What this task involves :: Each entry that follows should be set down precisely, with its pictures removed.

Material shown ::
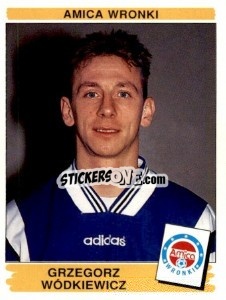 Sticker Grzegorz Wódkiewicz - Liga Polska 1996-1997 - Panini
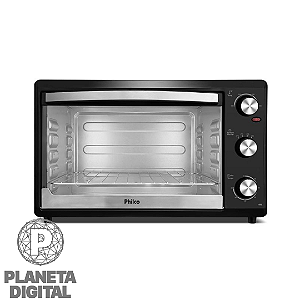 Forno Elétrico 44L Dupla Resistência Controle de Temperatura de 100°C a 250°C Desligamento Automático PFE44P - PHILCO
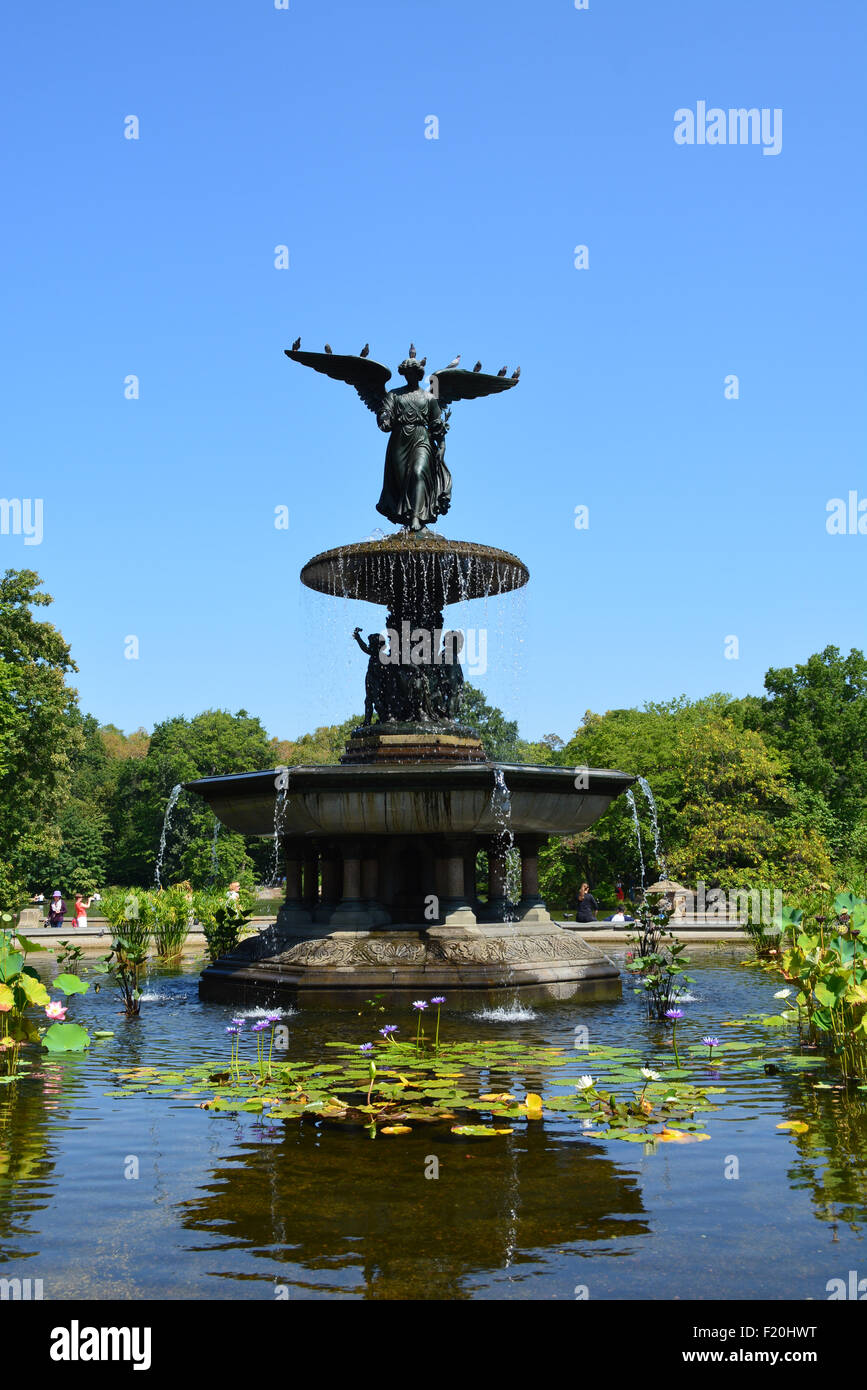 Bethesda Terrace and Fountain Stock Image - Image of view, bethesda:  91208491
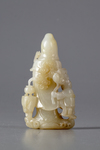 A Chinese jade figure of a Guanyin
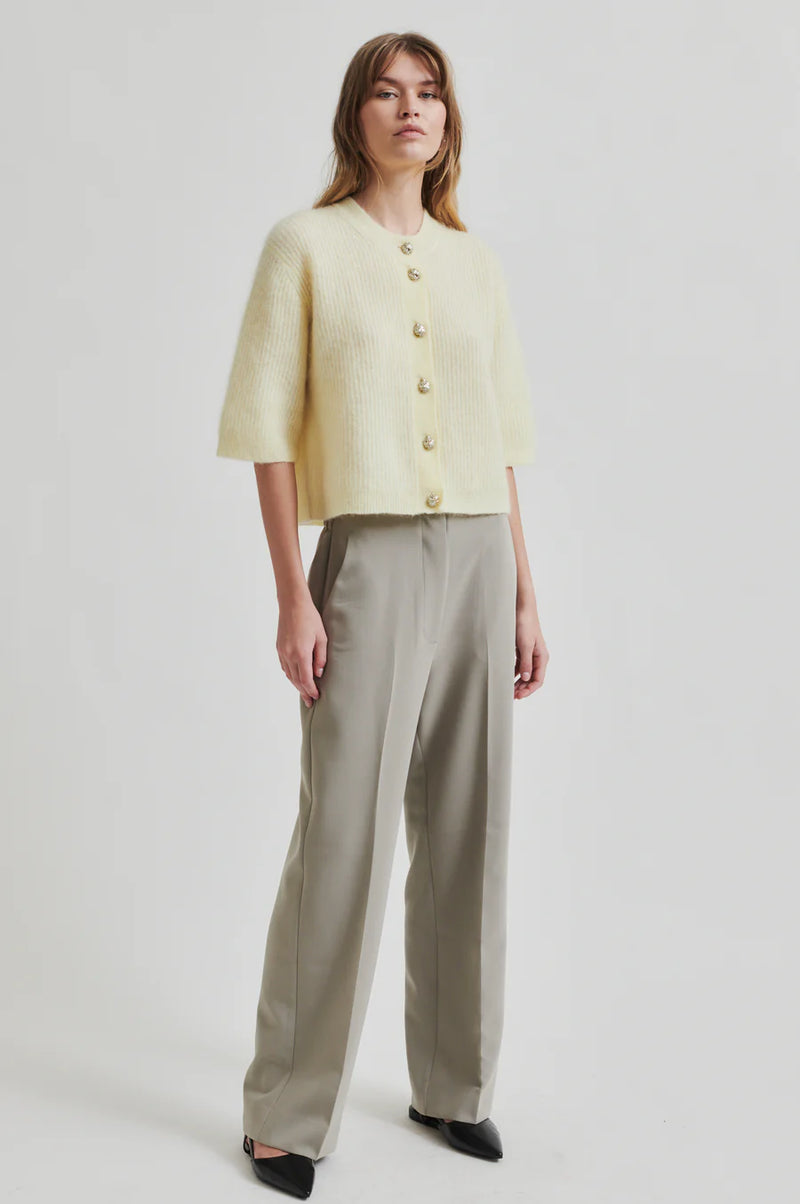 Second Female Evie Classic Trousers - Elephant
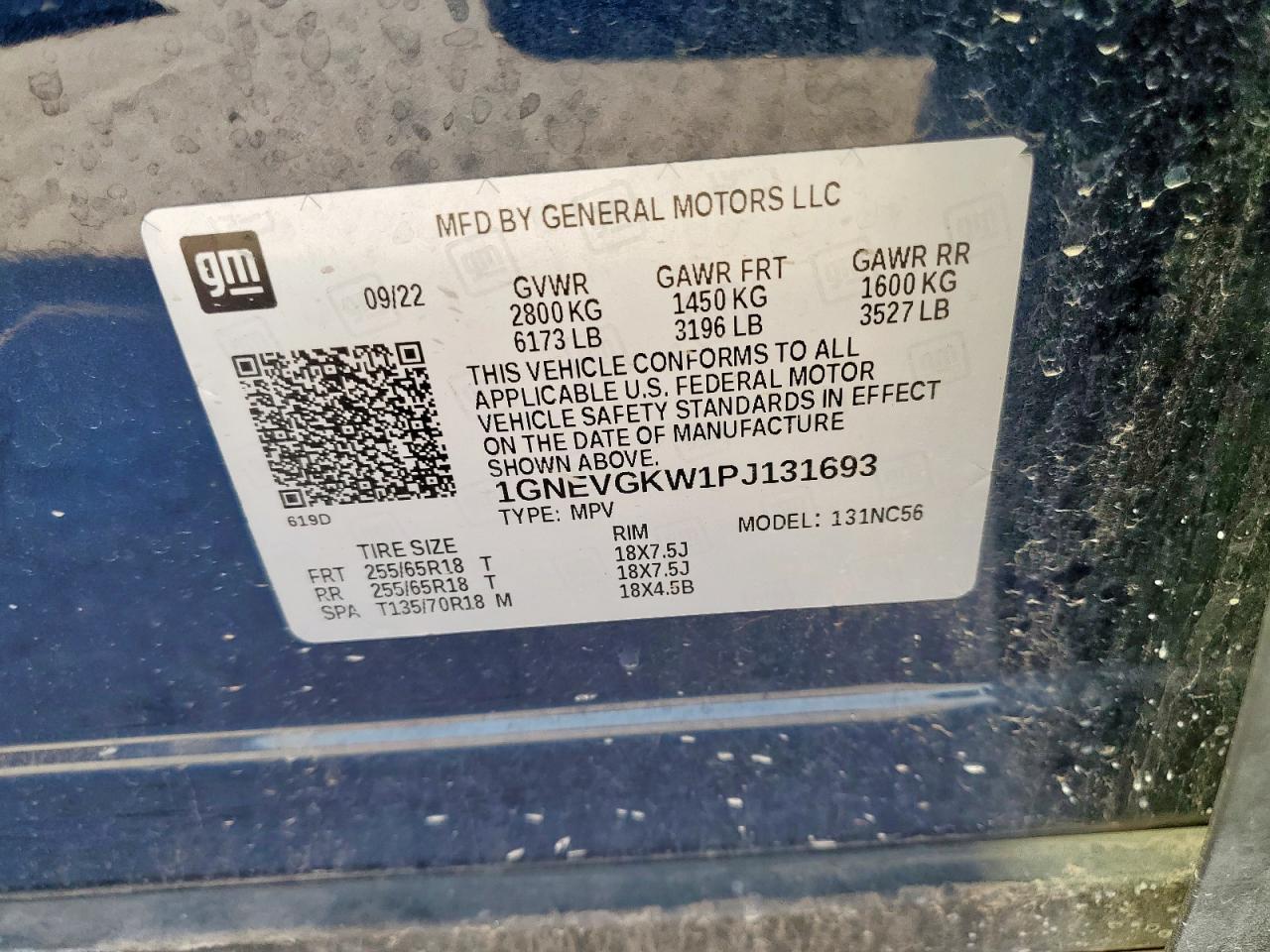 2023 CHEVROLET TRAVERSE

Output for this task ::
 Sticker Grzegorz Wódkiewicz - Liga Polska 1996-1997 - Panini
 Forno Elétrico 44L Dupla Resistência Controle de Temperatura de 100°C a 250°C Desligamento Automático PFE44P - PHILCO
 Bethesda Terrace and Fountain Stock Image - Image of view, bethesda:  91208491
 A Chinese jade figure of a Guanyin
 Second Female Evie Classic Trousers - Elephant
 2023 CHEVROLET TRAVERSE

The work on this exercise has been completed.